Bear Martial Arts

Dealing With The Difficult Student

Whether you are a student or an instructor, you have probably come across difficult students in your class. Managing difficult students is an important skill for instructors to learn, and if you are a student knowing how to deal with them will help make your lessons more enjoyable and useful for yourself.

Here are some of the more common behaviours of difficult students and how you might go about dealing with them.


Over enthusiastic / violent with strikes and techniques

Anyone who has done martial arts for a period of time will know that there are defensive techniques that involve strikes either as a weakening strike, a finisher or as the main technique.

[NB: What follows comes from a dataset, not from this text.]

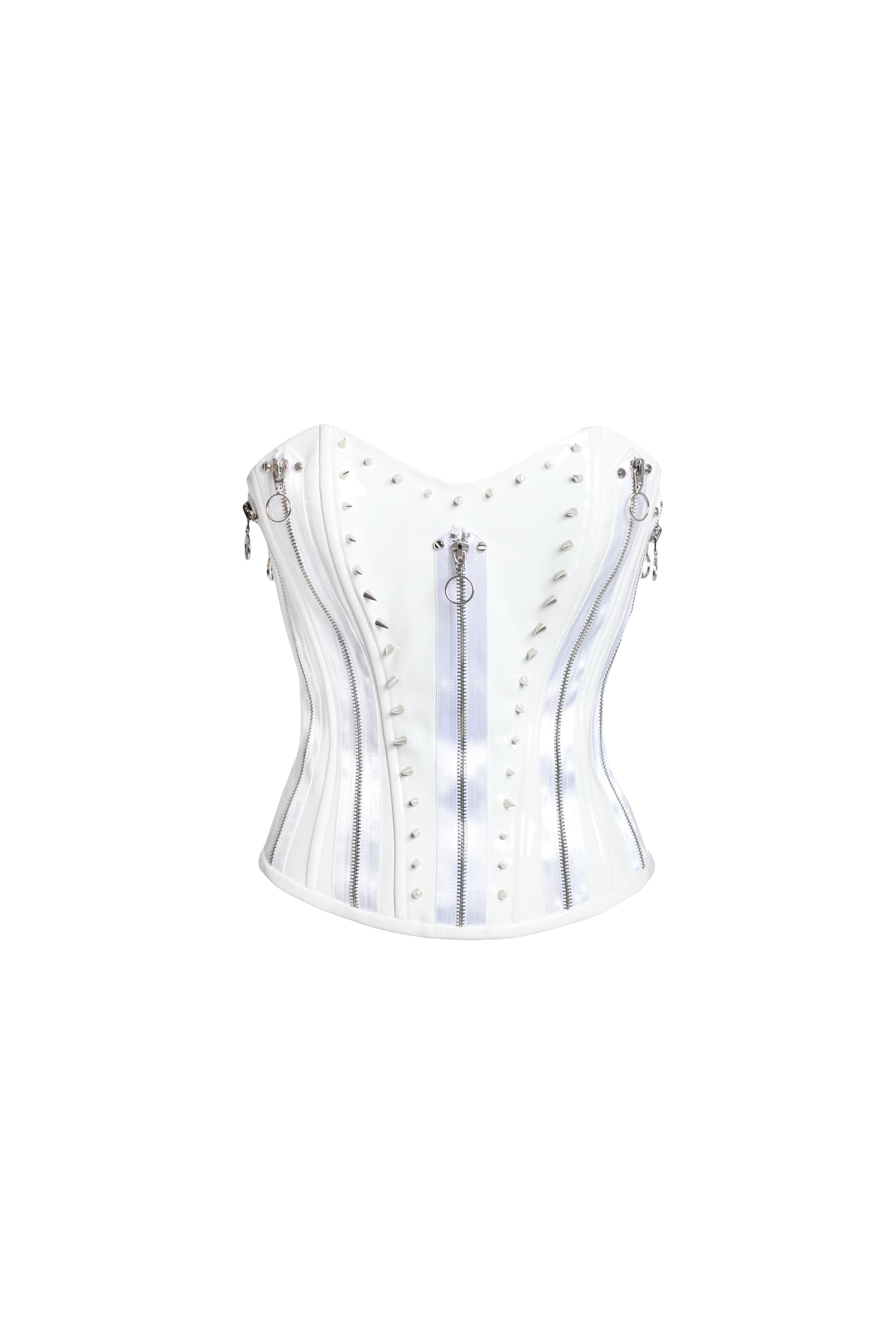 Корсет белый из лака с молниями и шипами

Not all the time your opponent has their guard up (either due to the nature of the novice, or because the opponent has disarmed the guard). Eventually you will come across a student who does not let this deter them from hitting with full power. This can be dangerous, or at least very annoying. No one wants to go home from class injured or with cuts and black eyes, so this is behaviour that needs to be addressed.

In most cases the student is probably just over eager to show intent (a term we instructors use pretty much every lesson), but this intent needs to be harnessed. Tell the student their intent is impressive, but that a good martial artist also needs to show restraint when appropriate. If you are a student and do not feel comfortable telling another student this, ask your instructor to do so.

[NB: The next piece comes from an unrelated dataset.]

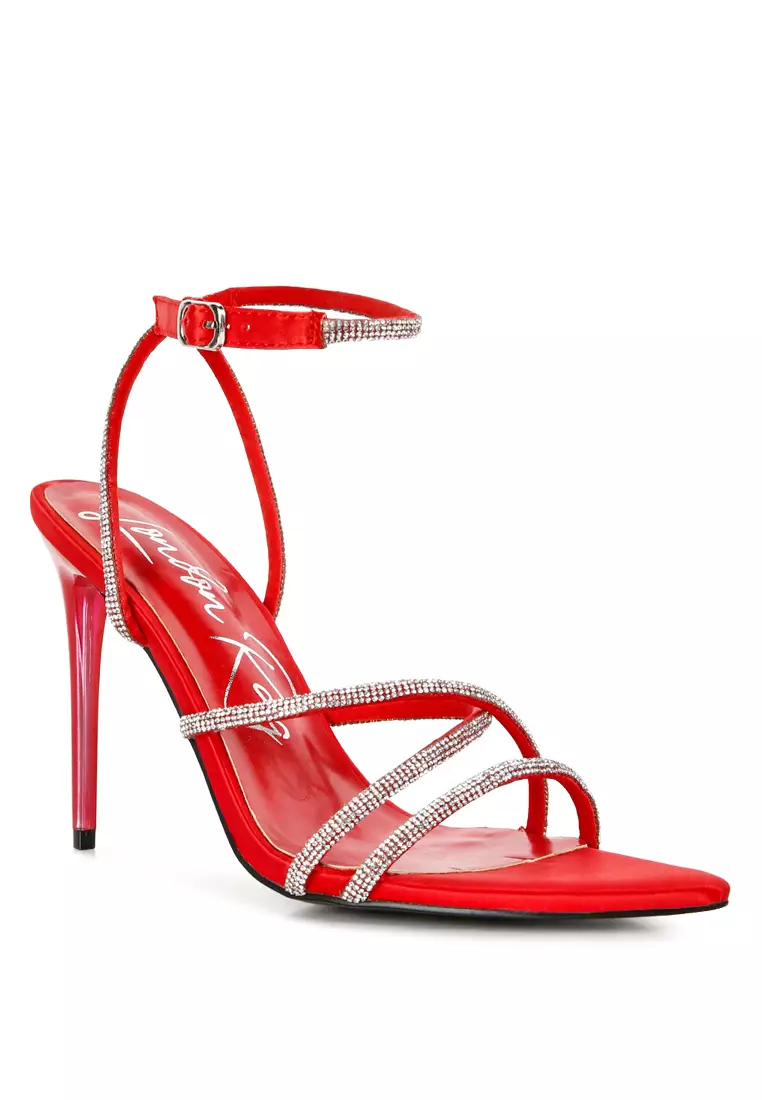 Buy London Rag Red Diamante Strap High Heeled Stiletto Sandals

If you find a case where a student is truly violent, an instructor needs to take them to one side and ask them to show restraint or leave the class (a violent person doing martial arts is not necessarily a bad thing, as the arts can help calm a bad temper, as long as that is the student’s intentions).


Convinced that none of the techniques taught would work in real life

Training means a lot of the time that we cannot fully execute a lot of techniques – everyone in class would get injured every week if we did. That also means that your training partner has to show some willing when it comes to having techniques performed on them. This can be a sore point with some newer students, who become convinced that this false environment is showing that the techniques are not realistic, rather than just adhering to health and safety.

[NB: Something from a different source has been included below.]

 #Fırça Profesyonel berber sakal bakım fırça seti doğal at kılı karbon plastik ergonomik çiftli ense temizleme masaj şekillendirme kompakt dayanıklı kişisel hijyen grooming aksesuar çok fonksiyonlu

One way around this is to apply the techniques full speed with experienced partners. Get two black belts to fight it out as a demonstration, showing how the techniques really work (black belts should be trusted to do this without actually killing each other).

Pad work for striking techniques is also useful, as you can get students to hit the pads much harder, illustrating that the strikes would be very painful.

Another tactic here is to set up some light / medium sparring in the group, and get your students to use these techniques in a fight scenario. Most students should eventually see that the techniques can be pulled off to good effect.

Eventually though, any martial art is only effective if the practitioner puts in the time to learn it and apply it – some students may just have too closed a mind to put the time in with an open mind. These students should maybe be told to try a different past time, or asked to have much more patience whilst they learn the art.